The Company also awards stock-based compensation to certain levels of management under the Company’s Long Term Performance Compensa-
tion Plan (‘‘LTPCP’’). LTPCP awards vest in their entirety at the end of the three year performance period. Each participant is assigned a target
compensation amount at the inception of the performance period with the final compensation amount determined by the performance of the Holding
Company’s stock over the three-year vesting period, subject to management’s discretion. Final awards may be paid in whole or in part with shares of the
Holding Company’s stock. Compensation expense related to the LTPCP was $49 million, $45 million, and $23 million for the years ended December 31,
2004, 2003 and 2002, respectively.
For the years ended December 31, 2004, 2003 and 2002, stock-based compensation expense related to the Company’s Stock Incentive Plan,
Directors Stock Plan and LTPCP was $89 million, $63 million and $25 million, respectively, including stock-based compensation for non-employees of
$468 thousand, $550 thousand and $2 million, respectively.
Statutory Equity and Income
The National Association of Insurance Commissioners (‘‘NAIC’’) adopted the Codification of Statutory Accounting Principles (‘‘Codification’’) in 2001.

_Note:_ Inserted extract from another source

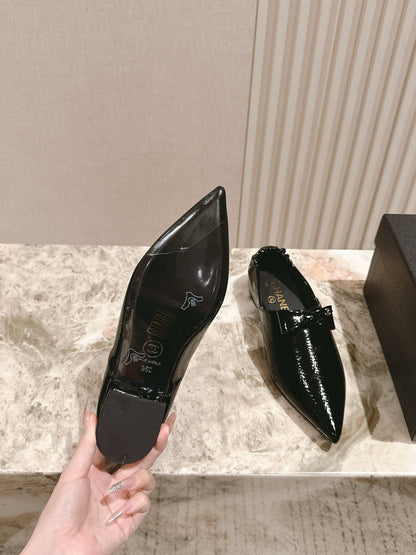 CC FLATS 25S IN BLACK PATENT LEATHER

Codification was intended to standardize regulatory accounting and reporting to state insurance departments. However, statutory accounting principles
continue to be established by individual state laws and permitted practices. The New York State Department of Insurance has adopted Codification with
certain modifications for the preparation of statutory financial statements of insurance companies domiciled in New York. Modifications by the various
state insurance departments may impact the effect of Codification on the statutory capital and surplus of Metropolitan Life and the Holding Company’s
other insurance subsidiaries.
Statutory accounting practices differ from GAAP primarily by charging policy acquisition costs to expense as incurred, establishing future policy
benefit liabilities using different actuarial assumptions, reporting surplus notes as surplus instead of debt and valuing securities on a different basis.

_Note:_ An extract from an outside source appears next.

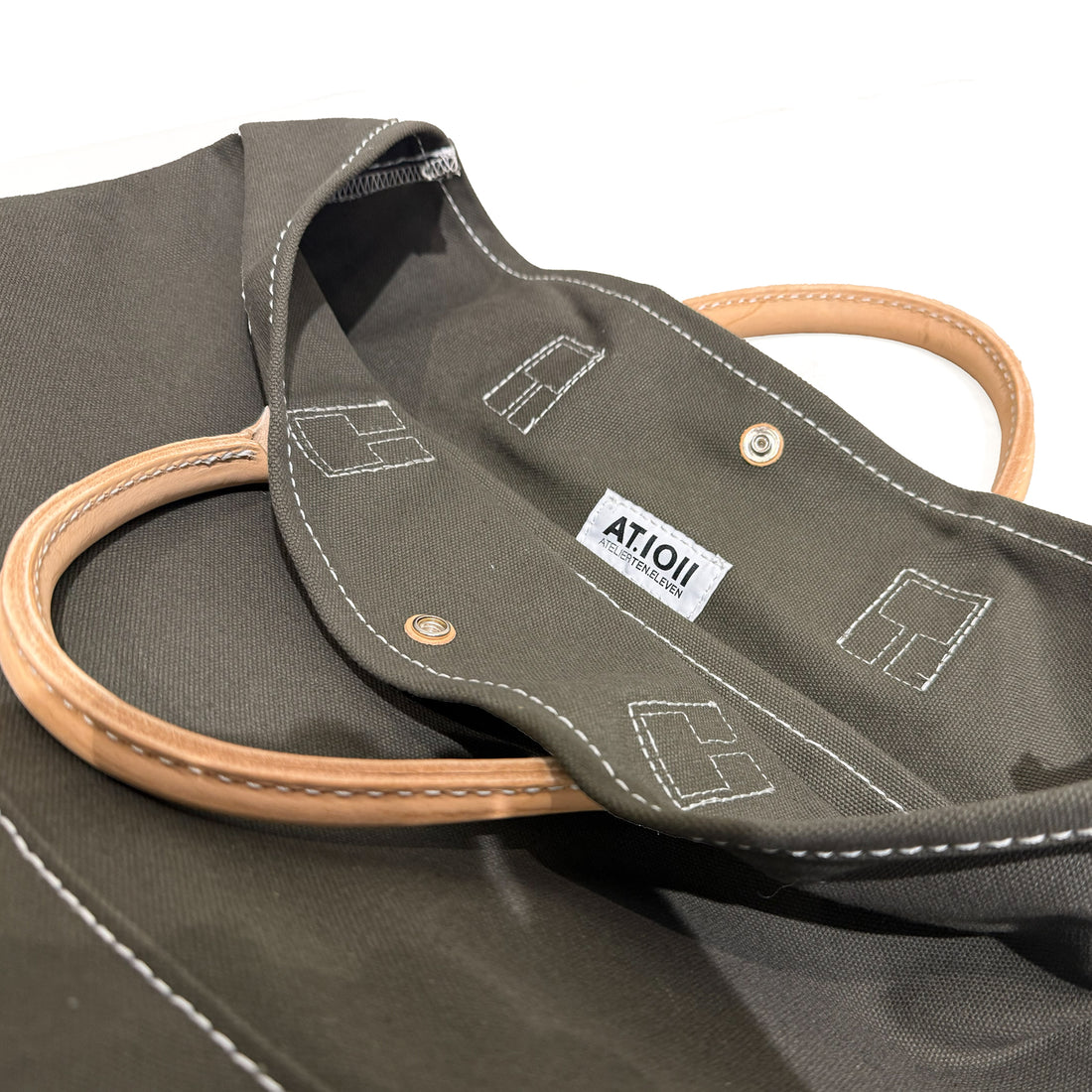 【HERITAGE LEATHER  ×AT.1011】Utility 2 Way Bag / Olive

Statutory net income of Metropolitan Life, a New York domiciled insurer, was $2,648 million, $2,169 million and $1,455 million for the years ended
December 31, 2004 2003 and 2002, respectively. Statutory capital and surplus, as filed with the New York State Department of Insurance, was
$8,804 million and $7,967 million at December 31, 2004 and 2003, respectively.

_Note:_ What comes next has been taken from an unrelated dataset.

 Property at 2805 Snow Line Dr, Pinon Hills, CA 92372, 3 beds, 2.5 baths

MIAC was merged into another Delaware incorporated entity, MTL, on October 8, 2004. Statutory net income of MTL (including MIAC), as filed with
the Delaware Insurance Department, was $144 million for the year ended December 31, 2004. Statutory net income of MIAC, as filed with the Delaware
Insurance Department, was $341 million and $34 million for the years ended December 31, 2003 and 2002, respectively. Statutory capital and surplus
of MTL, as filed, was $1,195 million as of December 31, 2004. Statutory capital and surplus of MIAC, as filed, was $1,051 million at December 31,
2003.
Statutory net income of Metropolitan Property and Casualty Insurance Company, which is domiciled in Rhode Island, as filed with the Insurance
Department of Rhode Island, was $356 million, $214 million and $173 million for the years ended December 31, 2004, 2003 and 2002, respectively.
Statutory capital and surplus, as filed, was $1,875 million and $1,996 million at December 31, 2004 and 2003, respectively.